While Rich makes excellent points, I feel that he is perhaps too hasty in declaring the end of public trust in President Obama, no matter the conditional question mark in his title. His point, however, is a valuable one: Obama runs a serious risk of becoming the victim -- rather than the master -- of populist outrage over the ongoing excesses and crimes of Wall Street. His chosen economic team leaders are taking him down the road of political emasculation, and Obama does not yet show signs of changing course.
Many wise minds have been brought to bear on the question of how to proceed in a different way. Paul Krugman, in an influential column last month arguing that the economic stimulus bill might be too small to prevent a deflationary spiral, ended with this advice:
It’s time for Mr. Obama to go on the offensive. Above all, he must not shy away from pointing out that those who stand in the way of his plan, in the name of a discredited economic philosophy, are putting the nation’s future at risk. The American economy is on the edge of catastrophe, and much of the Republican Party is trying to push it over that edge.
Sen. Bernie Sanders frequently (last heard on the March 19 Thom Hartmann broadcast) points out that the financial industry made 40% of all corporate profits in the US as recently as 2006, and has long outgrown its essential function of providing capital for healthy economic activity. Financiers instead have become blood-suckers draining the life out of the economy with arcane mathematical con games.
Thom Hartmann himself frequently argues for a drastic modification of the "free-trade" policies of recent decades, which have allowed corporations to kill off the American middle class. Hartmann is also a strong advocate of restoring the much more steeply progressive tax regimes followed by every president from FDR to Carter, which were associated with strong sustainable growth in the American economy as well as a vibrant broad middle class.
Joseph Stiglitz contributed several valuable suggestions on a different approach to the current crisis in a seminal article in The Nation. (h/t 1Eco) As Stiglitz points out:
Just think of what new lending $700 billion could have financed. Leveraged on a modest ten-to-one basis, it could have supported $7 trillion of new lending--more than enough to meet business's requirements.
An idea Stiglitz mentions deserves much more discussion:
One innovative proposal (variants of which have been floated by Willem Buiter at the London School of Economics and by George Soros) entails the creation of a Good Bank. Rather than dump the bad assets on the government, we would strip out the good assets--those that can be easily priced. If the value of claims by depositors and other claims that we decide need to be protected is less than the value of the assets, then the government would write a check to the Old Bank (we could call it the Bad Bank). If the reverse is true, then the government would have a senior claim on the Old Bank. In normal times, it would be easy to recapitalize the Good Bank privately. These are not normal times, so the government might have to run the bank for a while.
With the financial industry in need of severe downsizing (per Sanders), and the lack of large healthy banks to take over large sick banks, a solution emerges: bring the big money-center banks and other major actors like AIG into bankruptcy receivership. Sell off small profitable portions of the businesses to private investors in bite-size pieces, and leave the rest to await fire-sale liquidation.

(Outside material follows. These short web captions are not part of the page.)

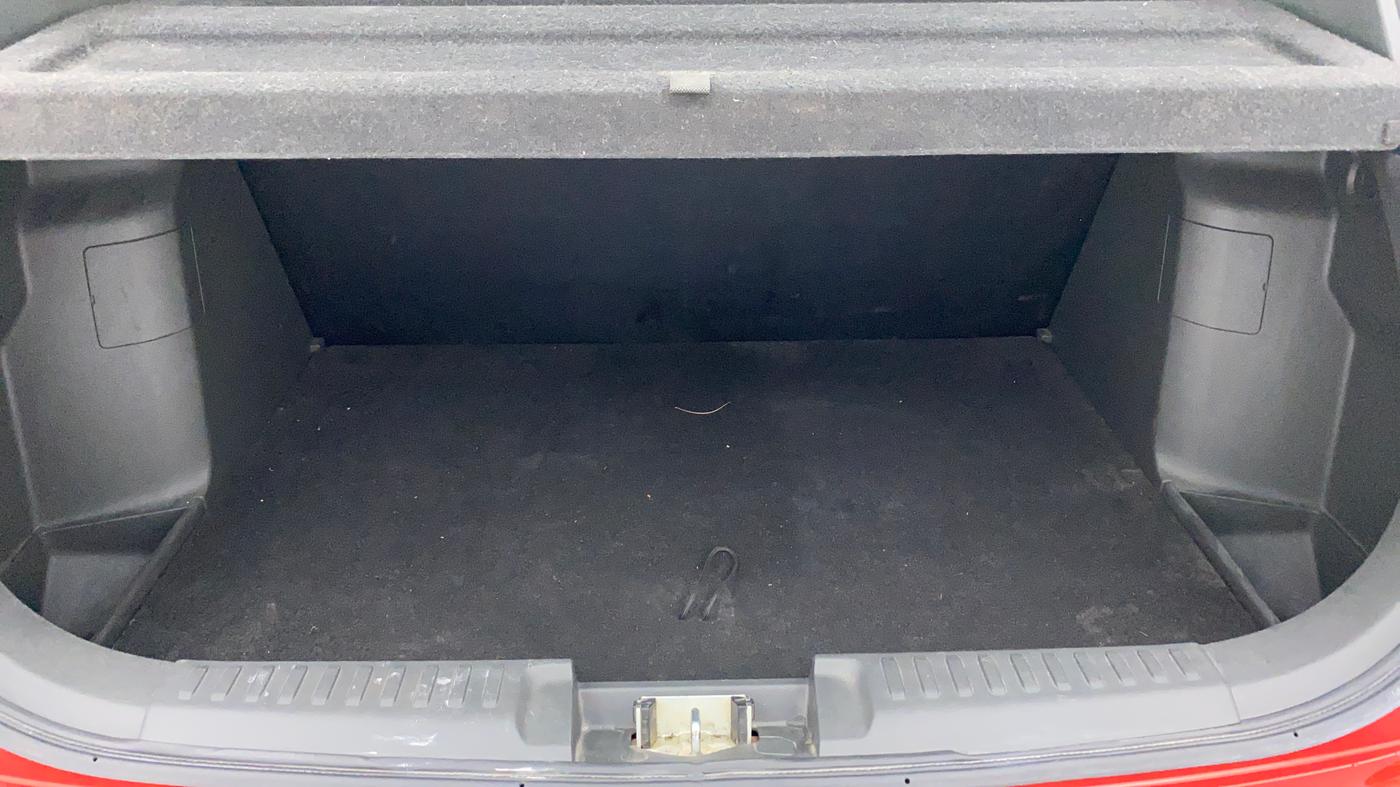 2017 Maruti Vitara Brezza VDI OPT, Diesel, Manual, 28,585 km, Boot Inside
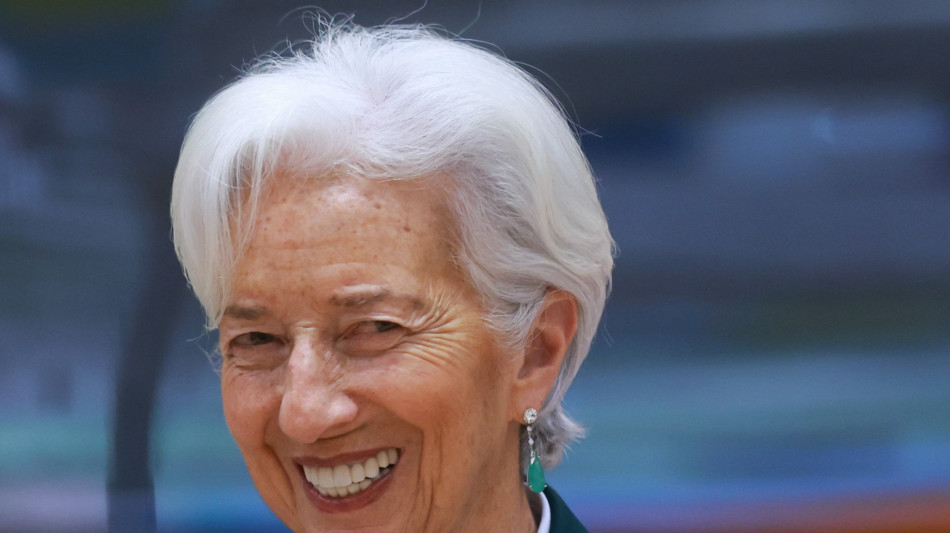 ++ Lagarde, tagli dei tassi graduali, ma dipender&agrave; dai dati ++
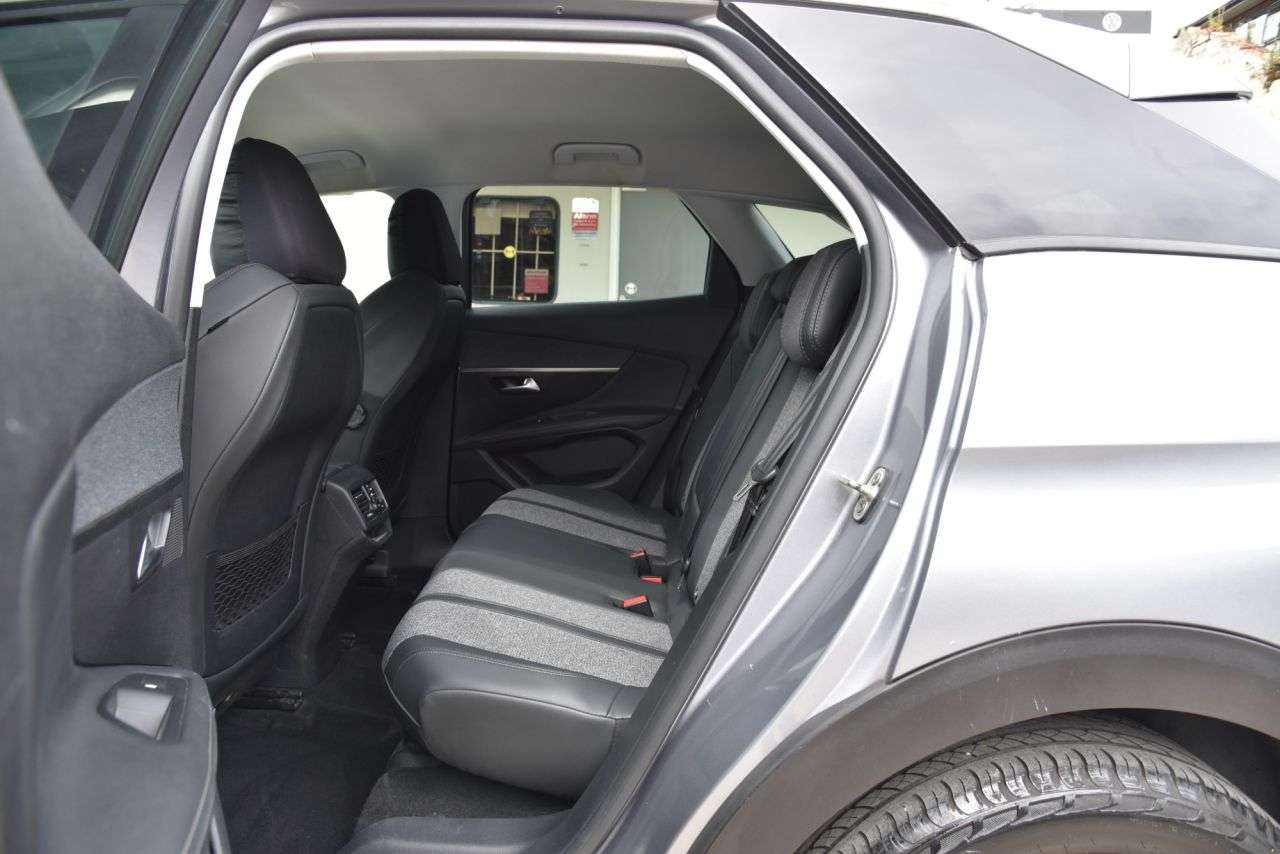 2020 PEUGEOT 3008 2020 PEUGEOT 3008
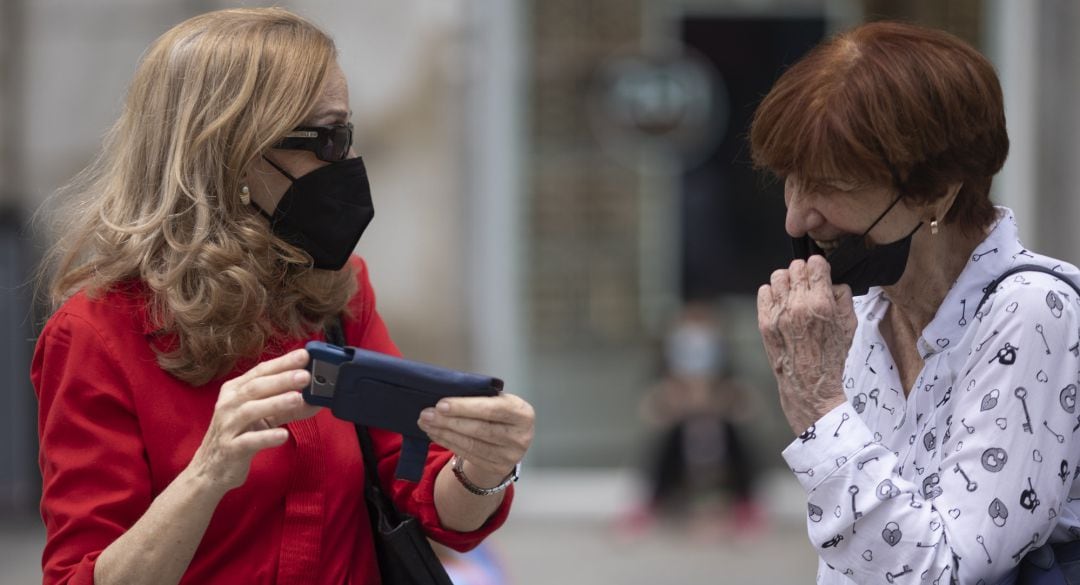 Dos mujeres con mascarilla.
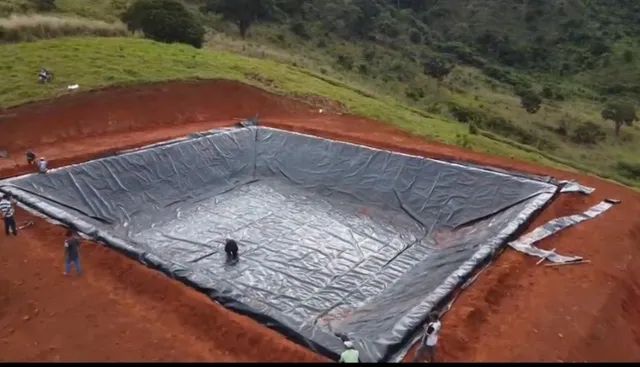 Lona Geomembrana Pead Preta 1,2 mm p/ Impermeabilização/Decoração de Lagos, Coberturas M² - Foto 4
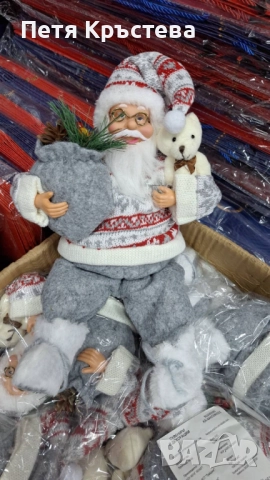 Технически характеристики   Материали: текстил, пластмаса; декорация от елхови клонки и шишарка Разм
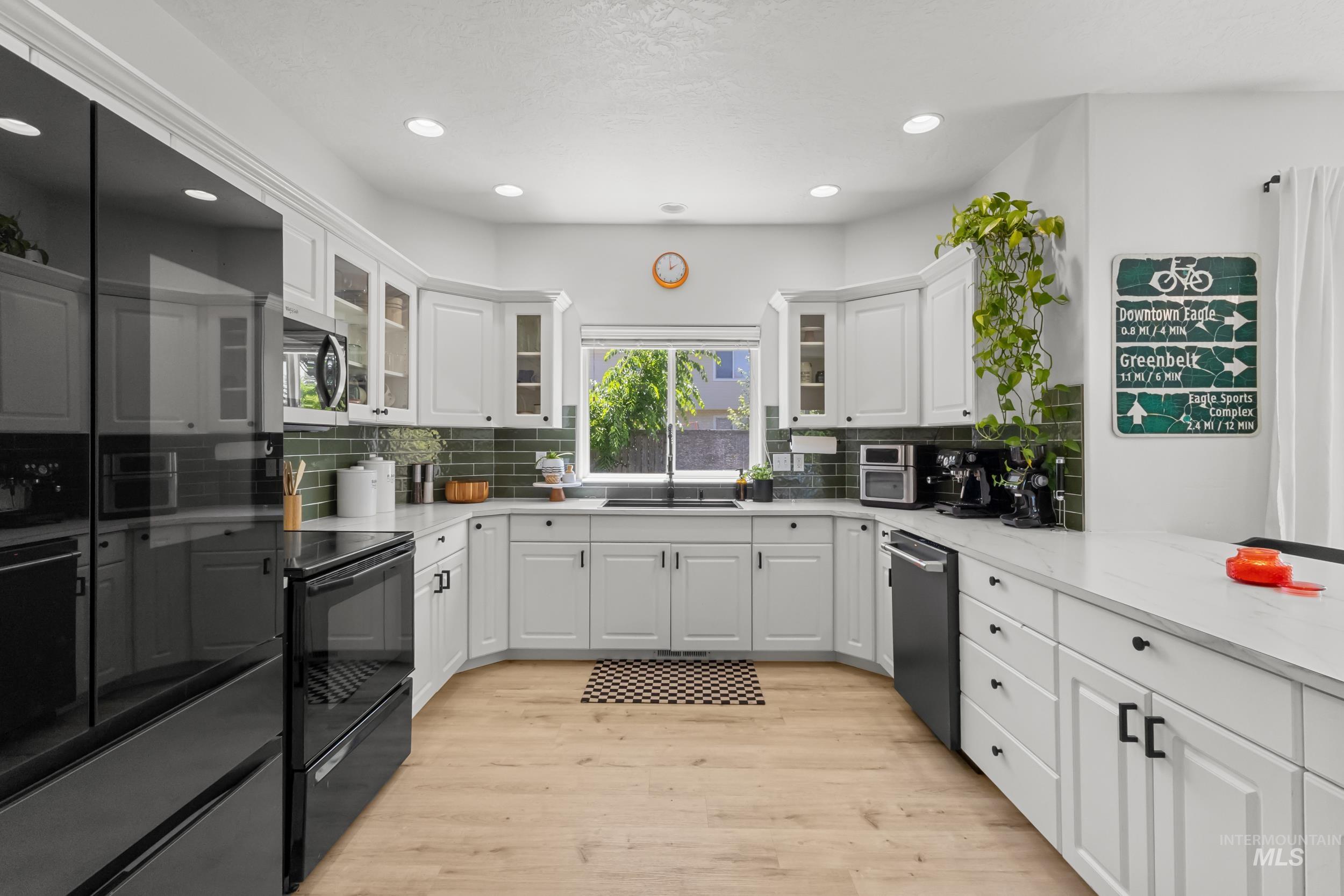 1935 W Parkstone St, Meridian, Idaho 83646, 4 Bedrooms, 2.5 Bathrooms, Residential For Sale, Price $550,000, 98989693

Such a radical downsizing of the financial system would have to be done with international cooperation, and would require admission by all players that much of the wealth created in recent decades is illusory. A strong, comprehensive regulatory regime would have to be created internationally to keep finance within its original purpose of lubricating economies. Unregulated corners and scofflaw-nation tax havens would have to be dealt with.
Populist anger should be harnessed and utilized rather than feared and derided. Restoring much higher taxes on the wealthy, reasonable and unavoidable corporate taxes, and compensatory taxes on financial transactions like stock and bond trades will be necessary to pay the huge bills for rescuing the economy from this crisis. That populist anger will be necessary to resist the awesome power of money in government to resist these steps. In a diary a little over a year ago called What Barack Obama Needs to Do Now, I made this observation:
Emphasize an economic populist agenda. The victimization of millions of Americans by job outsourcing, predatory lending, tax policies that shift wealth to the top, and lies that lull them into submission should be the central issue of this election. The unfolding recession all but guarantees it....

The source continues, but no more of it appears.